A Letter to the Future Giants Head Coach

Dear 17th Head Coach of the New York Football Giants,


You are yet to be named.  There is no telling at this point whether you are preparing for the playoffs, have been eliminated for several weeks or are even in the professional ranks.

Maybe you are Nick Saban, a former NFL flame-out and now current college demigod.  There is literally an entire state of southerners blindly loyal to you and your brand, followers that would probably start a war if you were to leave Alabama.  If you ARE Nick Saban, I am certainly worried.  You’ve dominated the college ranks thanks in part to an ability to cycle players in and out with recruiting.  When it comes to recruiting, nobody is better than you.  The NFL is a different animal.  In your case, you wouldn’t even be doing the league equivalent of recruiting for my Giants, a man by the name of Incompetent Dickhead Jerry Reese will be.  He hasn’t exactly proven himself in that department.  Since you won’t be able to fully have your way in the personnel department, I doubt the potential of your tenure.


Perhaps you are an unproven but hungry offensive coordinator.  Maybe you are Adam Gase, who proved that his perceived know-how wasn’t a result of Peyton Manning being his QB when he taught bone-headed interception prone Jay Cutler to take care of the football.  The problem is I happen to like the direction my offense is going in.  I don’t need you coming in to blow it all up.  Which leads me to option two, current Giants OC Ben McAdoo.  I’ve become quite fond of you and your hyper-dad bod .  The goatee is extraordinary and you’ve been around my man crush Aaron Rodgers; in theory you are the perfect candidate.  However, you’re inexperienced, having only two seasons as a coordinator under your belt.  That worries me, but I can’t figure out if I’m more worried about giving you a shot or letting you walk, potentially to the worst place in the league, Philadelphia.

Maybe you have some head coaching experience, but not much success.  That would make you either Josh McDaniels or *PRAYS TO GOD THIS ISN’T THE CASE* Steve Spagnuola.  McDaniels is a Belichick guy who went to Denver as the main guy, drafted Tim Tebow in the first round and shortly thereafter returned to being a Belichick guy.  You’re touted as a bright football mind, which is always a plus.  Sadly, your record with personnel decisions is the fire to Jerry Reese’s oil, so I’m not convinced that you won’t fuck around in the draft this year and select Roberto Aguayo in the first round.  If you are Steve Spagnuola, you won’t have to worry about getting my blessing because I will have killed myself no sooner then you’re inaugurated.  Don’t be bringing you 10-28 head coaching record and 32nd ranked defense anywhere near the Head Coach’s office.  Stay the fuck in your lane.

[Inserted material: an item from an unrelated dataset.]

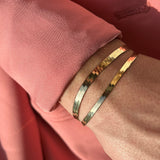 Scrouples-Armbånd Magic 2,7 mm. 17+2cm sølv fg. model 32912,18FG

Maybe you’re Bill Cowher or Jon Gruden.

Maybe you’re the unlikely scenario of Bill Belichick.

I don’t know who you are, but I know that you need to be one hell of a football coach.  You need to take the roster that the Keyser Soze of the Giants front office gives you and coach the ever-loving shit out of it.  You need to finish games and you need to manage the game.  Maybe you are not the man for the job, in which case expect a letter to the 18th Head Coach of the New York Football Giants this time next year (or sooner, and please don’t make me write a letter to the interim head coach).

You do have insanely huge shoes to fill and while the expectations may not be realistic, this is New York and fans like myself have never been realistic (I confidently and incorrectly predicted 12 wins each of the last two seasons).

You will need the following to be successful:

  1.  A huge pair of Nuts.  Confident as all hell.  Not overstated though I.E. Rex Ryan, who in the end just looked like a douchebag.  Go for it on fourth every now and then between the 35-40 yard line, stop settling for 3.
  2. Be a motivator.  This team can come out FLAT sometimes. 14 days after narrowly losing to the Patriots this year, the Giants got whooped by the Redskins. They either win the important regular games by a hair or get blown the fuck out.  Learn how to get them to show up, maybe win a game by 21 and save me the anxiety attack.
  3. Thick skin.  This is New York, don’t come to town with anything less than Armadillo skin.


God speed to you.  I wish you all the best.  When I become irate by a failed decision and call for your head on a stick, don’t take it personal.